What this means is the lender must assume additional risks, and some of those risks must be offset by charging higher fees.

#2 Your Interest Rates Will Be Higher Expect that with a reverse mortgage your interest rates will often be higher than that of a traditional home equity loan. Add this to the high fees you’ll be paying and you will be surprised how much of your equity the bank gets to pocket.

#3 Your Home Might Cease to be Part of Your Estate Many people expect that their heirs will get the house when they pass on, but in the case of a reverse mortgage, this might not happen.

When you get a reverse mortgage, you aren’t expected to make payments on the loan. The home is supposed to be sold so that it can cover the loan amount. This means your house doesn’t go to your estate. Your kids can’t have the house.

Of course it is possible for your heirs to keep the house if after you die, they pay the reverse mortgage debt. In most cases the money has to come out of the estate, reducing the total assets that your heirs end up with.

#4 If You Move, You’ll Have to Repay the Loan In order to avoid making payments on the loan, you have to spend most of your time in your primary residence. If you haven’t lived in the home for a year, you’re considered to have moved out. If you go into long-term care and plan to come back home, someone had better make sure you’re gone less than 12 months or else you’ll be required to repay the loan.

Imagine having to start repaying your reverse mortgage at a time when money is probably already tight. Doesn’t sound so good any more, does it?

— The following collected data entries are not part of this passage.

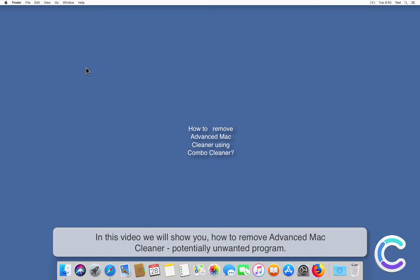In this video we will show you how to remove Advanced Mac Cleaner, a potentially unwanted program.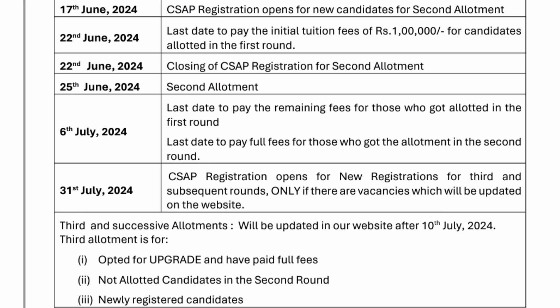First round students must compulsorily pay 1 lakh rupees to block their seat by 22nd June. 22nd June is also the closing date for CSAP registration for second round allotment — after that you cannot register for the second round. 25th June is when the result of the second round allotment will be declared, and candidates will be offered seats based on their choice filling.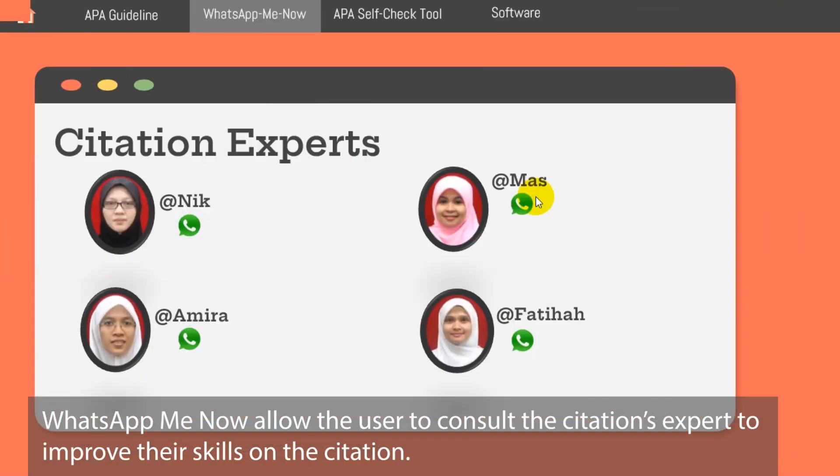WhatsApp Me Now allows the user to consult a citation expert to improve their skills on citation.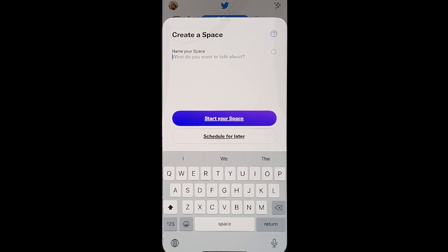This will allow you to host an audio conference. Now you can name your space on the topic that you'd like to discuss.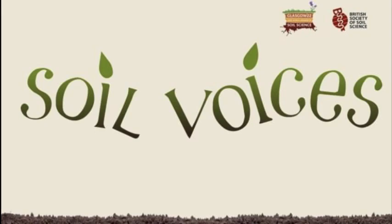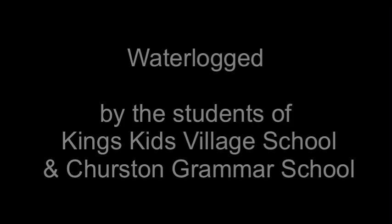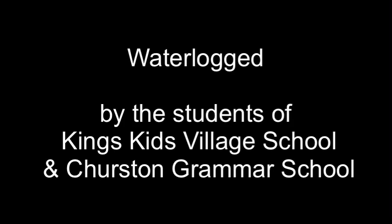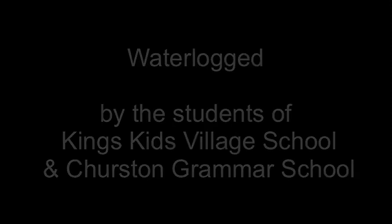Soil Voices presents Waterlogged, a soil play written by the students of King's Kids Village, Nairobi and Churston Grammar School, Devon. Read by James Rotker.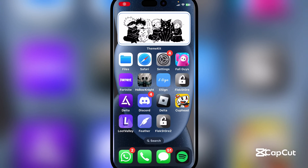Hey there everyone, welcome back to our Mars Box. So in today's video, I'll be showing you guys how you can download and install eSign on your iOS device without the need for any jailbreak or a PC.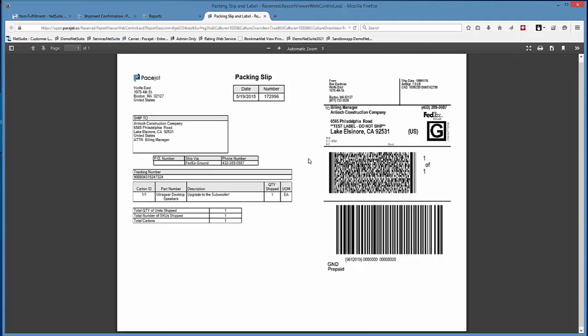Some people might want to fold it in half and put it in a sleeve so the label is visible on the outside of the package but not the contents. It's really up to you and how you want to implement this in your operation.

#5 You’re Still Financially Responsible Yes, hang onto the check book. There are still certain costs you’ll have to pay. For instance, you still have to pay property taxes and keep up with your homeowners insurance. You’ll also need to pay for regular maintenance on your home. For someone hoping to leave an inheritance to family, a reverse mortgage can be a real disadvantage. Your best option is to sell your home outright and use the equity to fund your retirement in a modest home. Talk to an attorney about a living trust and your legacy will be protected. Imagine having to start repaying your reverse mortgage at a time when money is probably already tight. Doesn’t sound so good any more, does it?